Context: From Moratorium to Tax
The introduction of S8518 comes roughly one year after the state’s controversial two-year moratorium on fossil fuel-based mining expired. That moratorium, enacted in late 2022, had created a temporary ban on new permits for mining operations that relied on carbon-based energy sources, citing environmental concerns. Its expiration technically reopened the door for such projects, but S8518 proposes a new financial barrier for all PoW mining, regardless of energy source, unless it meets the strict renewable criteria.
This legislative action places New York among a growing number of jurisdictions exploring targeted taxation or regulations on cryptocurrency mining, often centered on energy use and climate goals. The policy reflects ongoing debates about the balance between fostering technological innovation, addressing climate change, and ensuring equitable energy costs.
Potential Industry and Economic Implications
If enacted, S8518 would likely reshape the calculus for mining companies considering New York. The tiered tax, particularly the 5-cent per kWh rate on the highest consumption levels, represents a significant operational cost that could make the state less competitive compared to regions with cheaper, often fossil-fuel-powered, electricity or more favorable regulatory climates.
Proponents, including the bill’s sponsors, frame the tax as a matter of fairness and environmental policy. They argue that high-energy-consuming industries like PoW mining should contribute more to offset the social cost of energy consumption and help fund assistance for vulnerable households facing rising utility bills. The renewable exemption is a clear nod to the industry’s push for cleaner energy sources.
Conversely, critics within the crypto and business communities view the bill as another punitive measure that stifles economic development. They point to the potential for job creation and tax base expansion in upstate New York, regions that have faced economic challenges. Industry advocates often highlight that mining can act as a flexible demand-side resource for power grids, helping to absorb excess renewable energy and improve grid stability—a potential benefit the bill’s structure may not fully account for.

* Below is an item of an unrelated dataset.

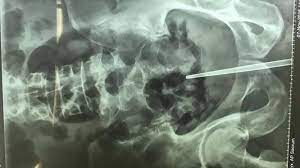 Maksiat kemaluan melakukan maksiat kemaluan adalah dosa besar. Dokter Bingung Sumpit Masuk Dalam Kemaluan Pria Ini Hingga Harus Dioperasi Tribun Medan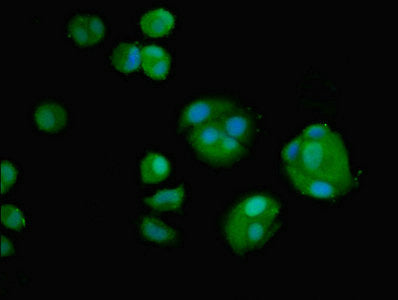 Immunofluorescent analysis of MCF-7 cells using AMH Antibody at dilution of 1:100 and Alexa Fluor 488-congugated AffiniPure Goat Anti-Rabbit IgG(H+L)Rabbit anti-Human AMH Polyclonal Antibody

The bill’s requirement that exempt mining not connect to utility transmission lines could also limit its applicability, as many renewable projects rely on grid infrastructure for reliability or to sell excess power.
Next Steps and Broader Regulatory Climate
S8518 is currently a bill proposal. It must pass the New York State Senate and Assembly and be signed by the Governor to become law. Its progress will be closely watched as an indicator of New York’s stance toward the digital asset sector beyond just mining, which already operates under the state’s stringent BitLicense regulatory framework.
This proposal underscores a persistent trend of regulatory scrutiny from certain Democratic lawmakers in New York, who often prioritize climate and consumer protection objectives. For the mining industry, the message is clear: while the fossil fuel moratorium has lapsed, operating in New York will now involve navigating a new, potentially costly, tax regime unless operations are entirely off-grid and renewable-powered. The coming months will reveal whether this approach finds legislative majority support or faces significant opposition from industry and regional economic development interests.